KOMPAS.com - Terdapat setidaknya tiga kelompok pedagang yang diwajibkan untuk melakukan sertifikasi halal.

Diketahui, Kementerian Agama (Kemenag) mewajibkan pedagang termasuk PKL untuk memiliki sertifikat halal sebelum 17 Oktober 2024.

Ketentuan tersebut diatur dalam Peraturan Pemerintah (PP) Nomor 39 tahun 2021 tentang Penyelenggaraan Bidang Jaminan Produk Halal.

Adapun aturan itu dibuat berdasarkan Undang-Undang (UU) Nomor 33 Tahun 2014 tentang Jaminan Produk Halal (JPH).

“Produk yang masuk, beredar, dan diperdagangkan di wilayah Indonesia wajib bersertifikat halal,” ujar Kepala Badan Penyelenggara Jaminan Produk Halal (BPJPH) Kemenag Muhammad Aqil Irham, melalui keterangan resmi yang diterima Kompas.com, Sabtu (3/2/2024).

Baca berita tanpa iklan. Gabung Kompas.com+

“Kewajiban bersertifikat halal ini sesuai Peraturan Pemerintah Nomor 39 tahun 2021 tentang Penyelenggaraan Bidang Jaminan Produk Halal,” imbuhnya.

Baca juga: Ramai soal Daging Babi Vegan Halal atau Tidak, Ini Kata MUI

3 kelompok pedagang yang harus punya sertifikat halal

Aqil mengungkapkan, pedagang wajib mempunyai sertifikat halal pada masa penerapan pertama aturan ini yang berakhir pada 17 Oktober 2024.

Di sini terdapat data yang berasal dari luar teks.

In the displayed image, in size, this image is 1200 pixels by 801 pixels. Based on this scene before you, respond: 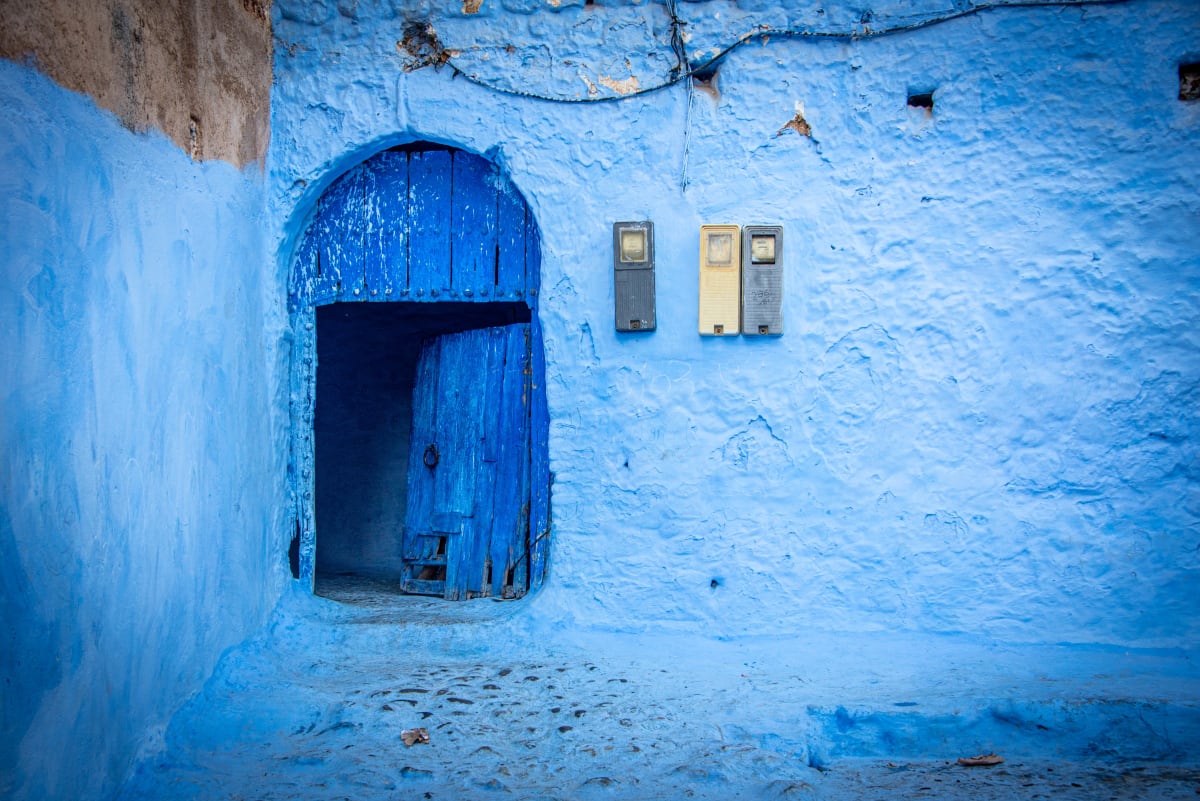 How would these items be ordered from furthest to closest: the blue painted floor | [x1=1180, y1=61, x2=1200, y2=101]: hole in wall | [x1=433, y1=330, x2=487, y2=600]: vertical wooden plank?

"Berdasarkan regulasi JPH (Jaminan Produk Halal), ada tiga kelompok produk yang harus sudah bersertifikat halal seiring dengan berakhirnya penahapan pertama tersebut," kata Aqil.

Pedagang atau pemilik usaha yang wajib melakukan sertifikasi halal dari BPJPH sebelum 17 Oktober 2024 di antaranya:

  1. Pedagang makanan dan minuman
  2. Pedagang bahan baku, bahan tambahan pangan, dan bahan penolong untuk produk makanan dan minuman
  3. Pedagang produk hasil sembelihan dan jasa penyembelihan.

Baca juga: Ramai soal Produk Wine Klaim Punya Sertifikat Halal, Ini Penjelasan MUI dan Kemenag

Sanksi jika tidak sertifikasi halal

Aqil mengatakan, akan ada sanksi bagi pedagang tersebut di atas jika tidak segera mendapatkan sertifikat halal sebelum 17 Oktober 2024.

“Untuk itu kami imbau para pelaku usaha untuk segera mengurus sertifikat halal melalui BPJPH,” ucap Aqil

"Batasan ketiga kelompok produk tersebut sudah jelas, dan tanpa pengecualian. Jadi misalnya produk makanan, mau itu yang diproduksi oleh usaha besar, menengah, kecil hingga mikro seperti pedagang kaki lima di pinggir jalan, semuanya sama, dikenai ketentuan kewajiban sertifikasi halal sesuai ketentuan regulasi," lanjutnya.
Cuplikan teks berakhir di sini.